When Thomas Torres, Kib Montalbo, or Terrence Mustre dribbles the ball downcourt, he can pound it down low to Van Opstal to post-up his man, or to Perkins at the baseline for a jumper. He can hand it to Teng and let him barrel his way to the basket for a hoop-and-harm bucket, or to Vosotros on the wing for a booming triple. A miss can be tracked down by Norbert Torres or Andrada for a stick-back, and that’s not counting their players who will be coming off the pine.
La Salle does indeed have a stacked line-up, the deepest they’ve had in years, and opposing coaches and sports pundits are already heaping praise on them and setting expectations. And indeed, after winning the championship last year and retooling their roster, make no mistake: This title is theirs to lose.
But if the preseason is any indication, this team is still susceptible to stepping on the break when they’re up by a mile, especially on the defensive end, allowing their opponents to claw their way back into games.

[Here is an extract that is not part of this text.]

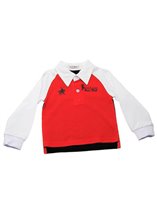 Поло из мягкого трикотажа с длинным рукавом р.122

The team is also prone to coughing the ball up. These observations on a preseason tournament that they won might seem like nitpicking, but take a look at what Coach Juno himself mentioned during the UAAP Press Conference, when his team was constantly tagged by opposing coaches as the team to beat:
“In my humble opinion, I don’t focus too much on the expectations and opinion of others. Performing every game is what’s important more than expectations.”
So at least for a while, let’s put a hold on those declarations about this team that start with the letter ‘D’ and is closely connected to a long line of successful kings (think Chinese emperors). Instead, let’s try to look at the upcoming season the way Sauler will: A day, a game at a time.